It’s about a 50/50 shot whether what you try will work. That’s not good enough to rely on when you’re away from your desk.
John Voorhees, MacStories, March 2026

The good reason to keep the hands local

Let me argue the other side for a second, because the local design isn’t lazy. It’s the opposite. A cloud agent boots a blank virtual machine somewhere in a data center. It has no idea what’s in your Downloads folder, it isn’t signed into your email, your Notion isn’t connected. To do real work it needs you to upload and re-authenticate everything first. Dispatch skips all of that. It runs where you already live, so it can grab the contract you saved last Tuesday without you uploading a thing. Anthropic’s own description of Cowork leans on exactly this: it runs “where most knowledge work is done: in local files, folders, and the applications people use every day.”[12]

The case for local

  • Touches your real files, the ones you never uploaded anywhere
  • Uses the apps you’re already logged into, no re-authenticating
  • Your connectors (Notion, Slack, calendar) are already wired up

The cost of local

  • The machine has to stay awake, lid open, app running
  • macOS only, one task at a time
  • Whatever’s on your screen is visible to Claude, so it’s your risk

The advantage comes welded to a constraint. To reach your real stuff, Claude has to run on the machine that holds it, and that machine has to be awake. You also hand it a lot of trust. Anthropic warns that Claude can see whatever is on your approved screens, “including personal data, sensitive documents, or private information,” which is why one reporter’s IT department made her run the whole experiment on a throwaway laptop.[8]

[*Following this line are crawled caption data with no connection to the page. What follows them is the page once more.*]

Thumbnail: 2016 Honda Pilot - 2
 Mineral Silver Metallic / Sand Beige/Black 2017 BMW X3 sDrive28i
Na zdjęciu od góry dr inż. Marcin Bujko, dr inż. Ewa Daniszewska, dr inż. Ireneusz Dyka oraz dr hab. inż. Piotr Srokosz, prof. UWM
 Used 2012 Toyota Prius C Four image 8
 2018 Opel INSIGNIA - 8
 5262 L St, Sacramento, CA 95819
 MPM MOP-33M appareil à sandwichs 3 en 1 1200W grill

Everyone else already moved the hands to the cloud

This is where the half-step shows. Dispatch is the only serious agent that makes you keep a machine awake. The rest run in a data center and keep working with your laptop shut.[10,11]

AgentWhere it runsWorks with your laptop closed?
Claude DispatchYour desktop (local)No
Claude Code on the web (Anthropic)Anthropic’s cloudYes
ChatGPT agent (OpenAI)OpenAI’s cloudYes
Gemini agents (Google)Google’s cloudYes

Takeaway

Anthropic isn’t behind here, which is the interesting part. It already runs a cloud agent that works while your laptop sleeps. It just doesn’t point that agent at your desktop.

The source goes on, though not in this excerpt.